■ EXERCISE REQUIREMENTS:
Leaving out the pictures, return word for word the stretch of entries below from the line holding "Apartamento 2 dorms" through the line holding "2023 Ford Ranger Wildtrak 4X4 3.0L".

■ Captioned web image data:

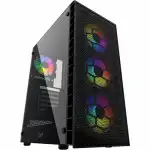 Корпус Powercase  CMIZ4C-A4 (Midi-Tower)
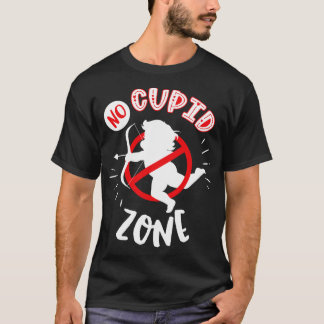 Camiseta Sem Zona Cupid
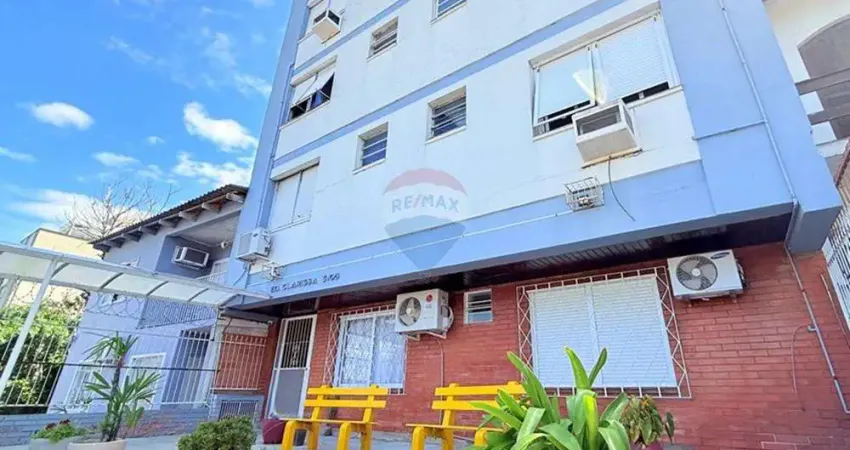 Apartamento 2 dorms à venda av. padre cacique , cristal - porto alegre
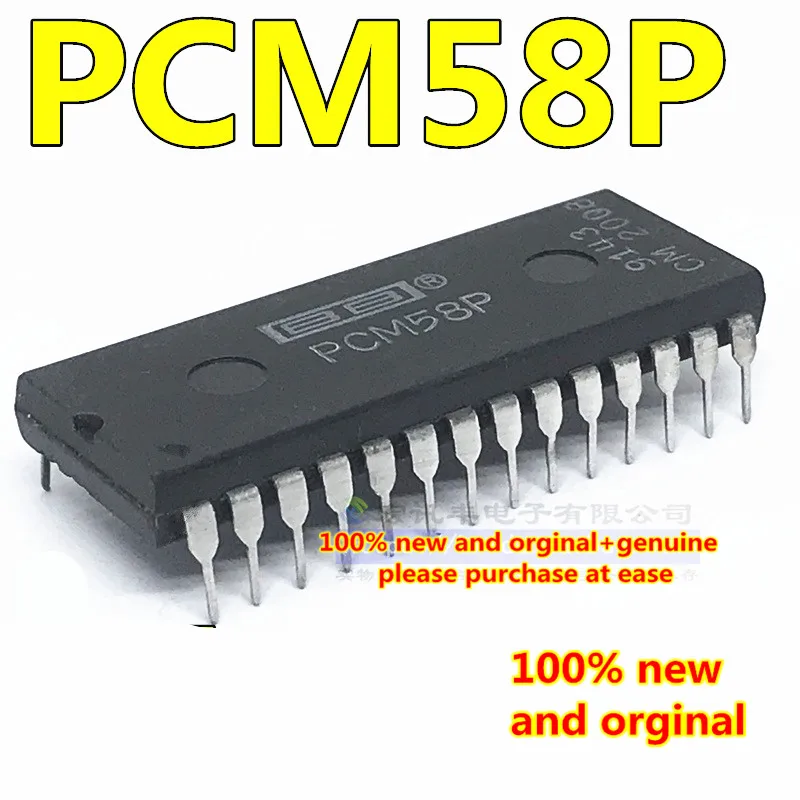 

5-10 шт. 100% новый и оригинальный PCM58P PCM58 dip28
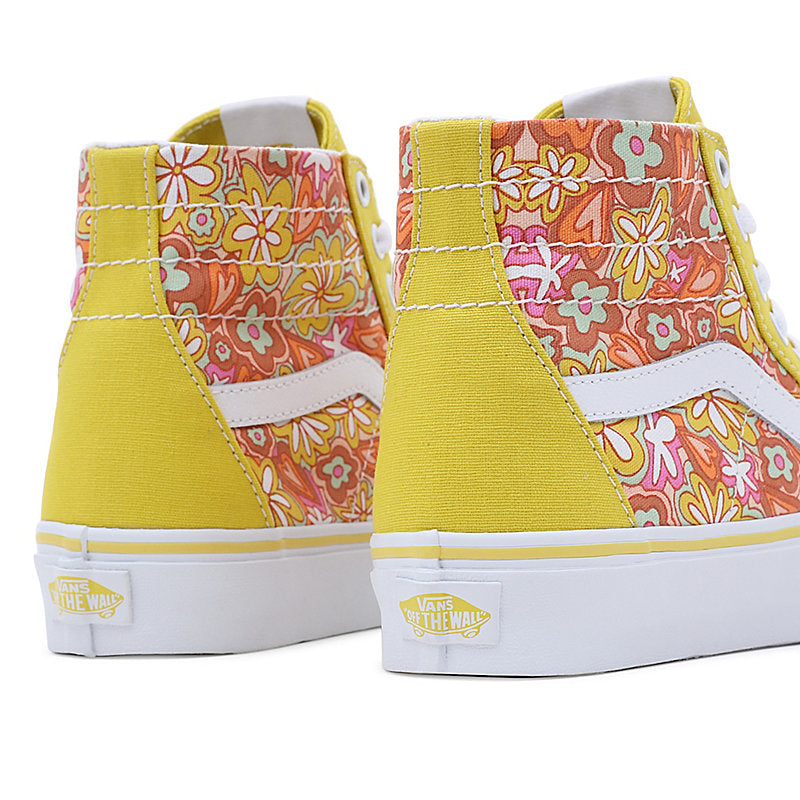 VANS SK8-HI Psychedelic Resort Multicolour VN0A5KRUBLX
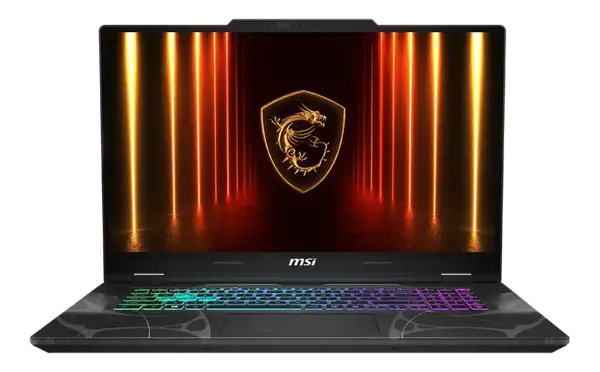 Ноутбук MSI Cyborg 15 Core 7 240H/16GB/512 RTX5050 144Hz (B2RWEKG-046XPL)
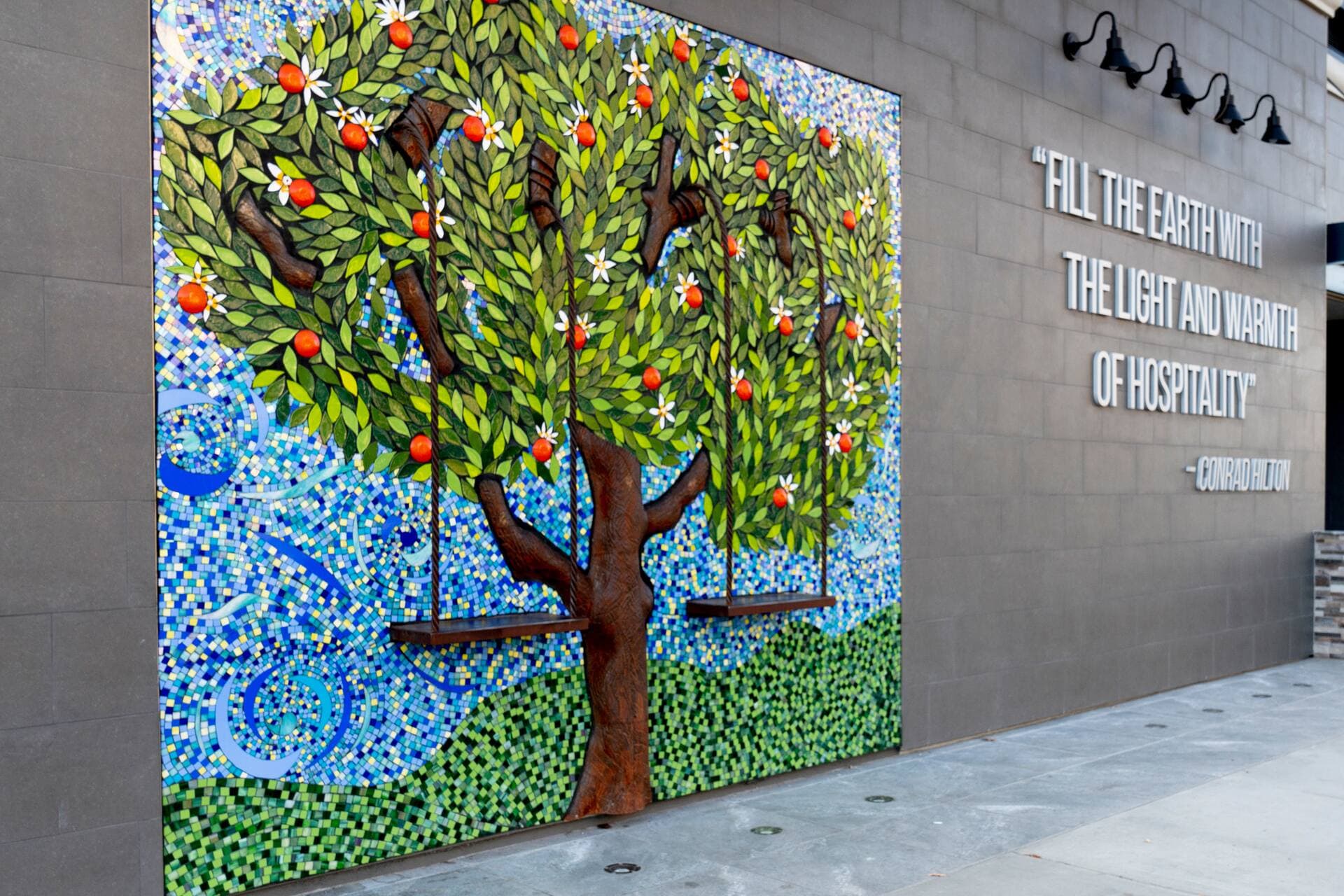 Hampton Inn Riverside Downtown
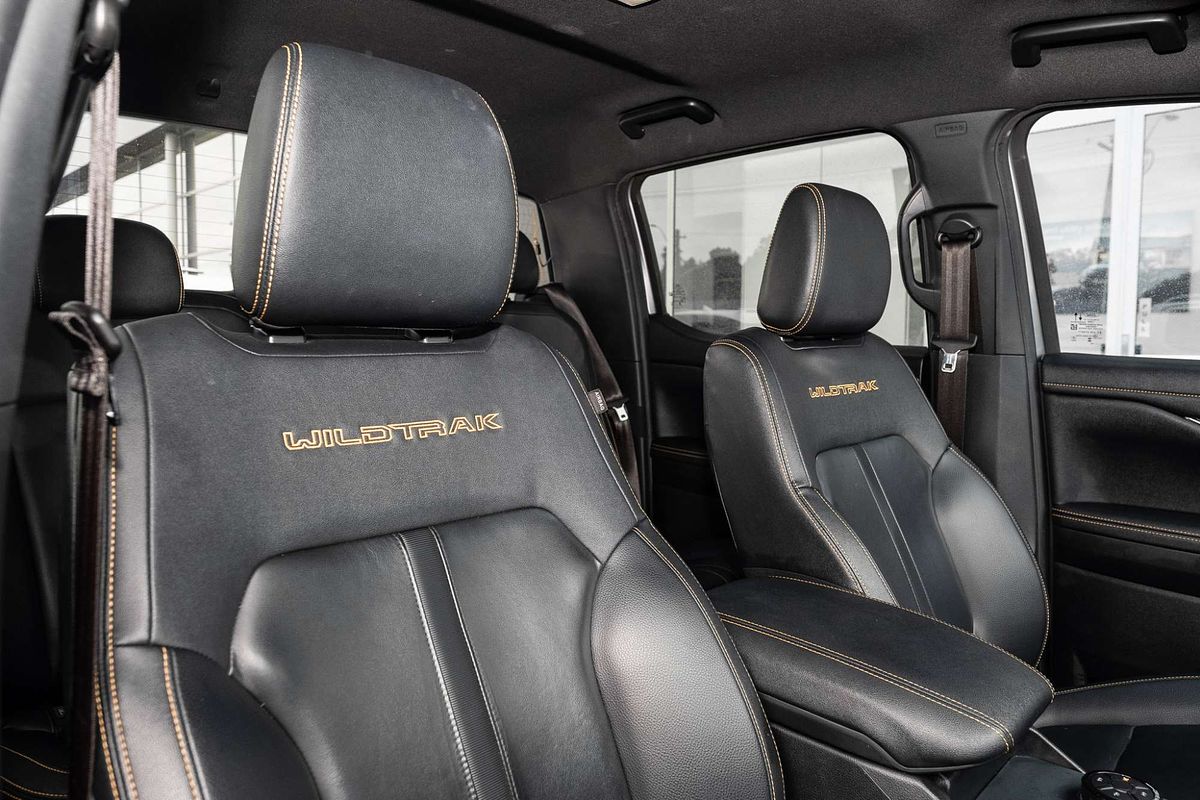2023 Ford Ranger Wildtrak 4X4 3.0L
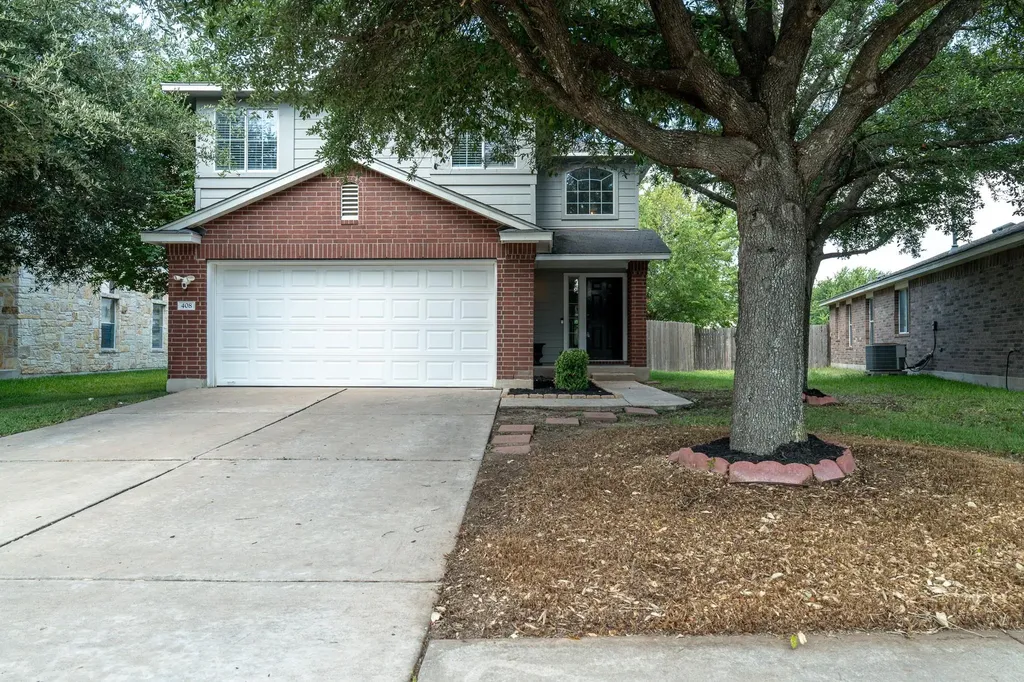 408 Woodsorrel Way Round Rock TX 78665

■ EXERCISE RESPONSE:
 Apartamento 2 dorms à venda av. padre cacique , cristal - porto alegre

5-10 шт. 100% новый и оригинальный PCM58P PCM58 dip28
 VANS SK8-HI Psychedelic Resort Multicolour VN0A5KRUBLX
 Ноутбук MSI Cyborg 15 Core 7 240H/16GB/512 RTX5050 144Hz (B2RWEKG-046XPL)
 Hampton Inn Riverside Downtown
2023 Ford Ranger Wildtrak 4X4 3.0L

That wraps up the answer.